Yao Yuanqi, of Henei, lived close to a mountain forest. His family all went into the countryside to raise their crops, and his seven-year-old daughter was left alone to mind the house. She gradually became thin and emaciated. When her parents asked her about this, the girl told them: “There’s often this man. More than a zhang (c.3.3m) tall, he has four faces, each face having the seven apertures.[1] He calls himself Marshal of the High Heavens, and swallows me whenever he comes, so I come out through his lower end. This has happened several times. He told me: ‘Be sure never to speak of me. If you talk about me you will spend a long time in my belly.’” The family locked their doors and sighed in horrified astonishment.

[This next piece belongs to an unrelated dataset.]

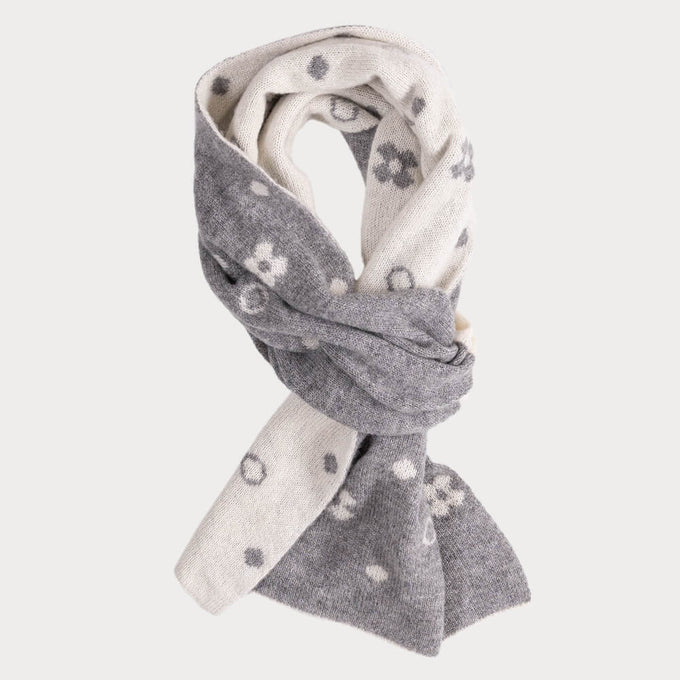 Soft Grey and Ivory Cashmere Cravat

They then moved away to avoid him.
From Lingguizhi.
Li Fang 李昉, et al., Taiping guangji 太平廣記 (Extensive Gleanings from the Era of Great Harmony), 10 vols (Beijing: Zhonghua shuju, 1961), vii, 320.2534:
姚元起
河內姚元起。居近山林。舉家恒入野耕種。唯有七歲女守屋。而漸覺瘦。父母問女。女云。常有一人。長丈餘而有四面。面皆有七孔。自號高天大將軍。來輒見吞。逕出下部。如此數過。云。慎勿道我。道我。當長留腹中。闔門駭惋。遂移避。出靈鬼志
[1] I.e., two eyes, two nostrils, two ears and a mouth.